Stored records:
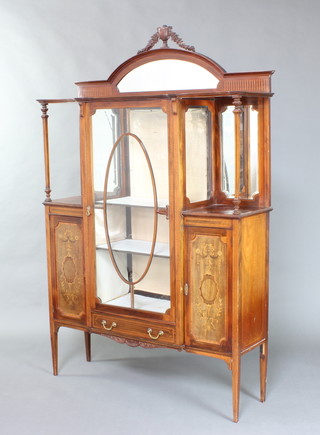 An Edwardian inlaid mahogany display cabinet with arch mirror panelled back, the centre section fitted shelves enclosed by astragal glazed doors with drawer to the base flanked by a pair of recesses with mirrored backs above 2 cupboards enclosed by panelled doors, raised on square tapered supports 206cm h x 130cm w x 37cm d 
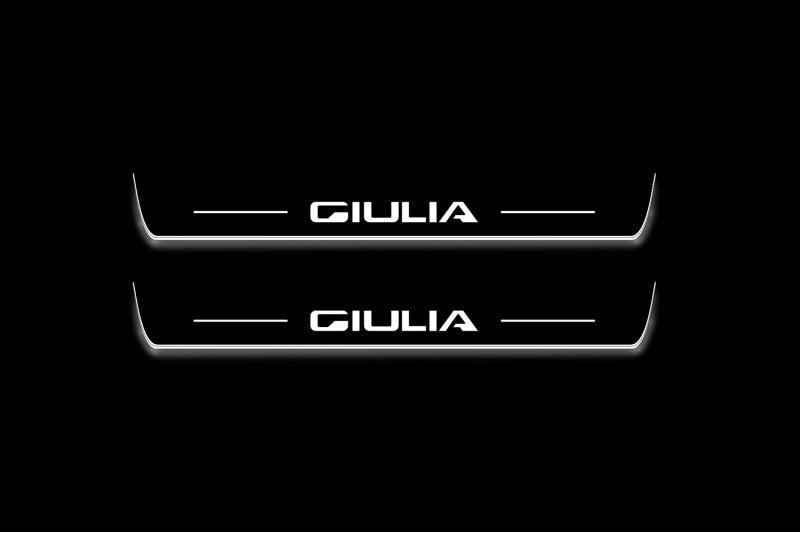 Two short door sill plates with Giulia lettering and edges illuminated in white, straight-on view on a dark background.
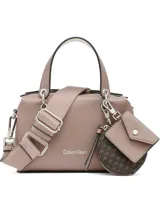 Cartera tipo satchel de Calvin Klein en color rosado con textura granulada. Cuenta con asa superior, correa ajustable extraíble y un set de accesorios colgantes que incluye un monedero circular con monograma y un pequeño estuche tipo sobre.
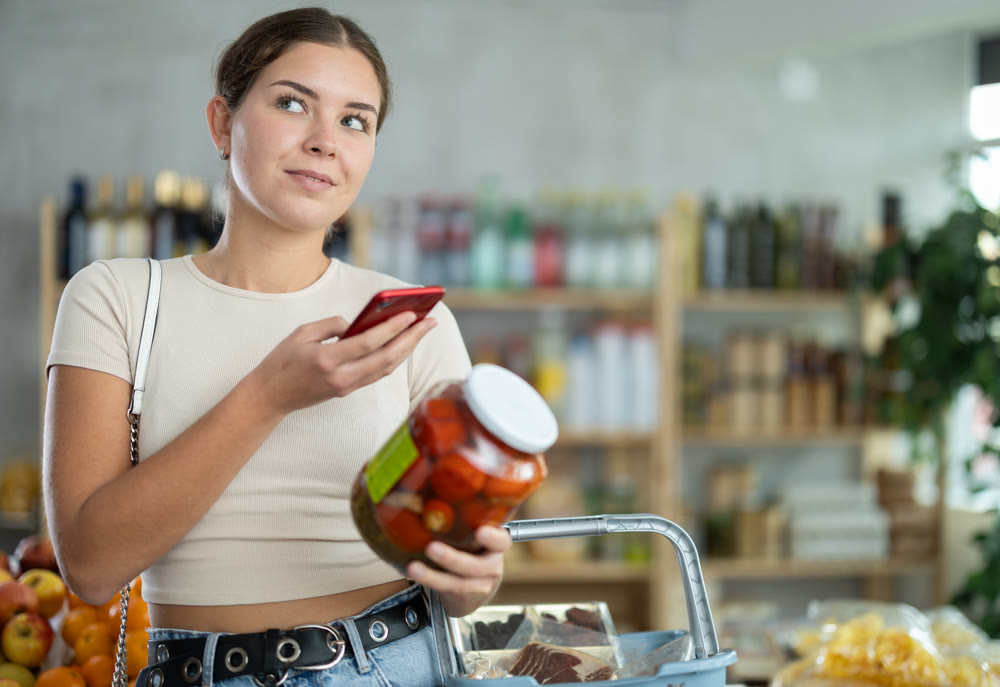 European woman customer at shop scans QR code on pickled tomatoes jar using phone camera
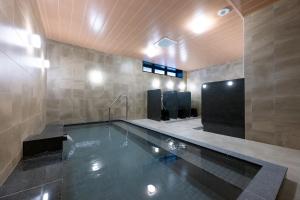 a swimming pool in a room with at Hotel KAN-RAKU Akita Kawabata in Akita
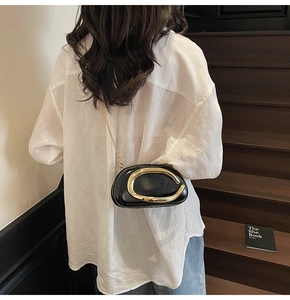 Detail of a chic black oval clutch with bold gold metal handle and chain shoulder strap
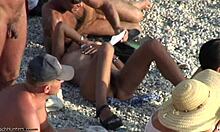 Seorang wanita berambut coklat telanjang dengan vagina berbulu bersantai di pantai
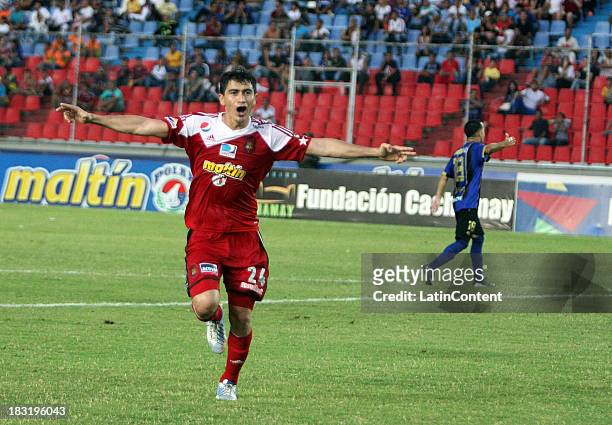 Rubert Quijada of Caracas FC celebrates a goal during a match between AC Mineros de Guayana and Caracas FC as part of the Apertura 2013 at Cachamay...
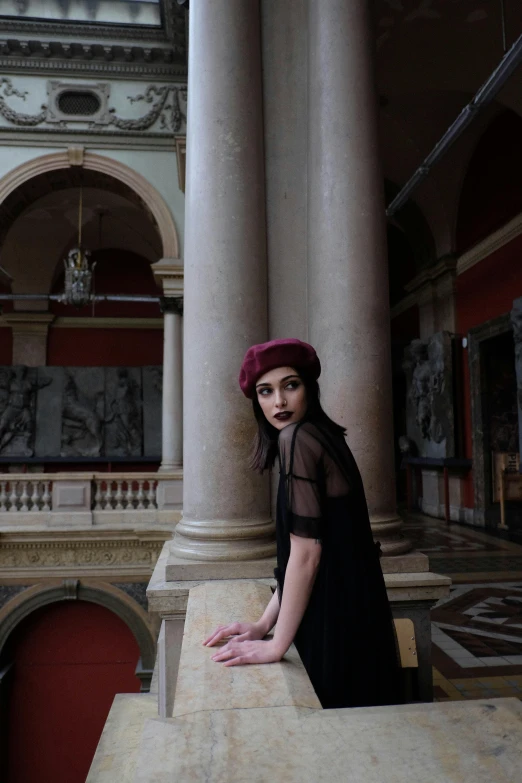 a woman standing on a ledge in a building, inspired by Jean-Jacques Henner, pexels contest winner, gothic art, wearing a french beret, melanie martinez, inside a museum, gothic regal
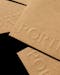 Close up of cardboard packaging with Porter Packaging logo embossed
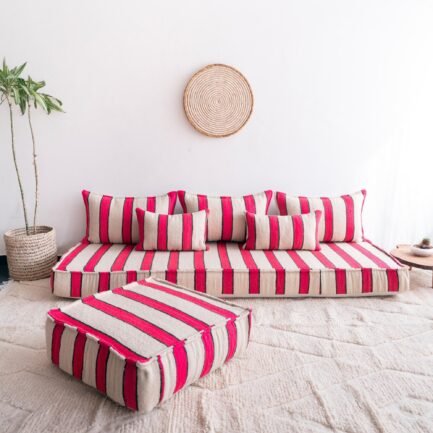 handmade Moroccan wool sofa in cream with bold red and black stripes – low floor seating set for boho and modern homes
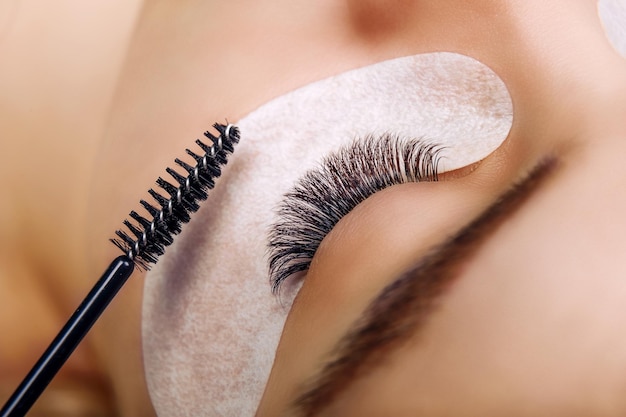 Eyelash extension procedure woman eye with long blue eyelashes ombre effect close up selective focus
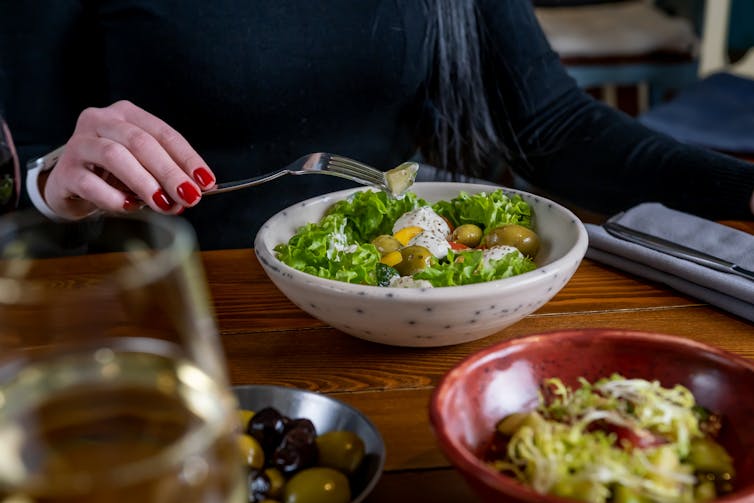 A diner enjoys a Greek salad with a glass of white wine.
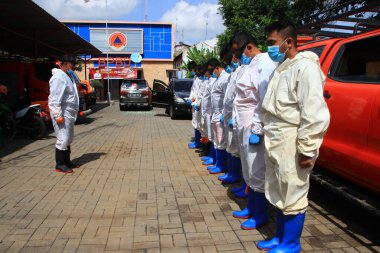 Kamu mezarlığı Pekalongan 'da, 3 Kasım 2020' de kişisel koruma ekipmanlarıyla memurlar tarafından katı sağlık protokolleri uygulanmış 19 hasta için cenaze töreni.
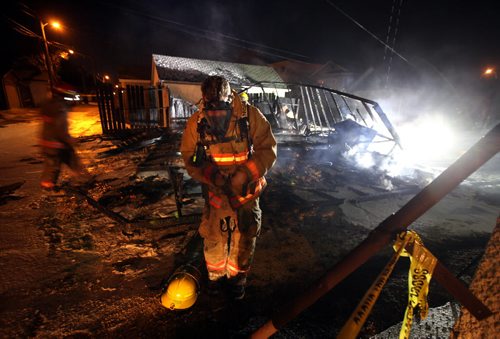 City firefighters douse a garage fire in the 900 block of Mountain ave Wednesday evening. See Ashley Prest tale. November 13, 2013 - (Phil Hossack / Winnipeg Free Press)
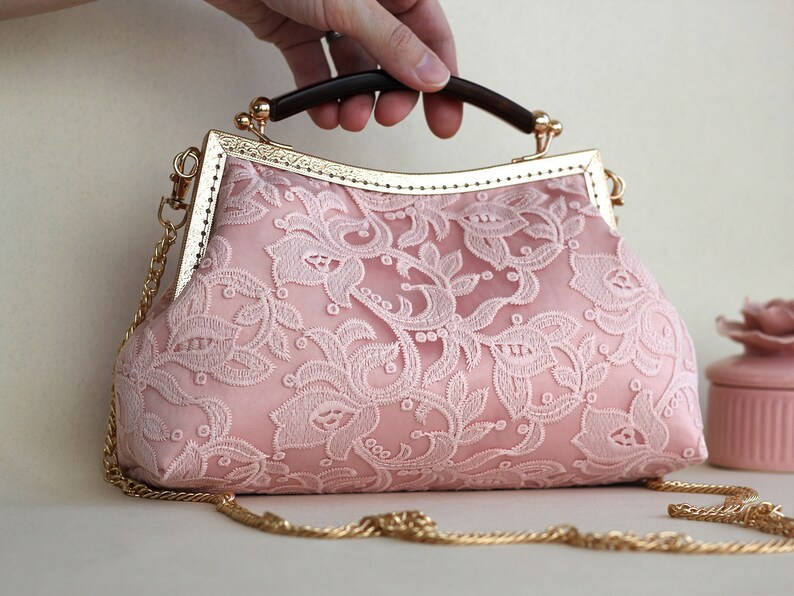 coral pink clutch bag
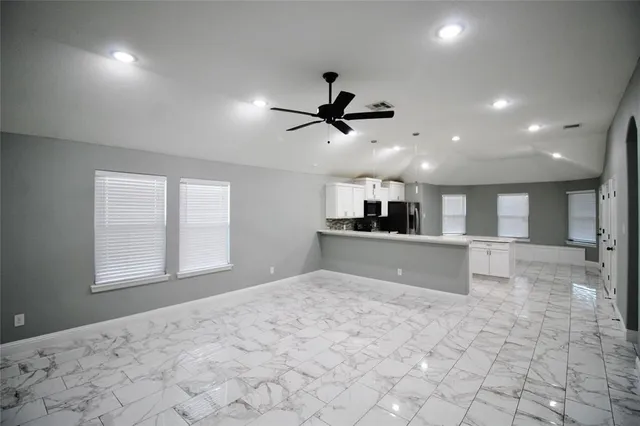 a view of a kitchen with a sink and a window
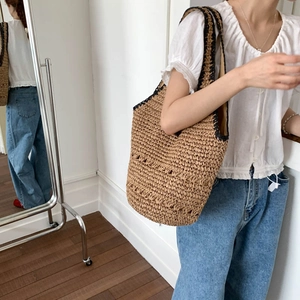 Detail of hand-woven straw tote bag with black crochet handles and light inner lining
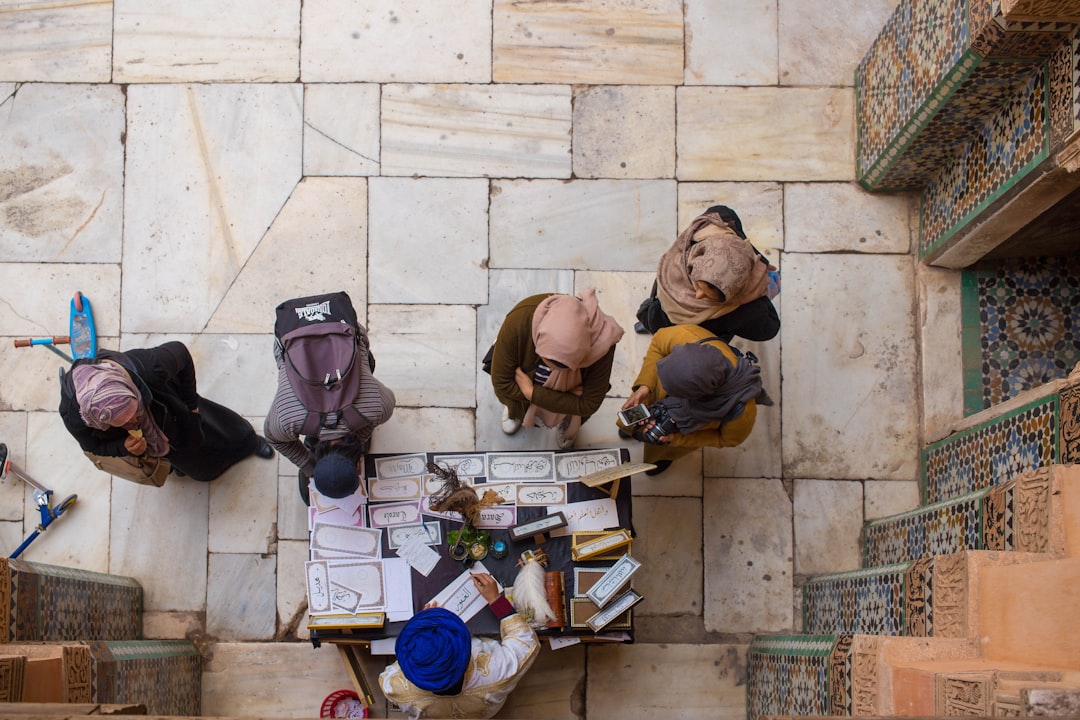 Une femme admirant un mur de zellige aux couleurs éclatantes dans la cour d'un riad marocain traditionnel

ASSIGNED TASK: The answer must be the lines from the first one in the records through the line containing "a woman standing", copied exactly, with no pictures.

SOLUTION FOR THIS EXERCISE:
 An Edwardian inlaid mahogany display cabinet with arch mirror panelled back, the centre section fitted shelves enclosed by astragal glazed doors with drawer to the base flanked by a pair of recesses with mirrored backs above 2 cupboards enclosed by panelled doors, raised on square tapered supports 206cm h x 130cm w x 37cm d 
 Two short door sill plates with Giulia lettering and edges illuminated in white, straight-on view on a dark background.
 Cartera tipo satchel de Calvin Klein en color rosado con textura granulada. Cuenta con asa superior, correa ajustable extraíble y un set de accesorios colgantes que incluye un monedero circular con monograma y un pequeño estuche tipo sobre.
 European woman customer at shop scans QR code on pickled tomatoes jar using phone camera
 a swimming pool in a room with at Hotel KAN-RAKU Akita Kawabata in Akita
 Detail of a chic black oval clutch with bold gold metal handle and chain shoulder strap
 Seorang wanita berambut coklat telanjang dengan vagina berbulu bersantai di pantai
 Rubert Quijada of Caracas FC celebrates a goal during a match between AC Mineros de Guayana and Caracas FC as part of the Apertura 2013 at Cachamay...
 a woman standing on a ledge in a building, inspired by Jean-Jacques Henner, pexels contest winner, gothic art, wearing a french beret, melanie martinez, inside a museum, gothic regal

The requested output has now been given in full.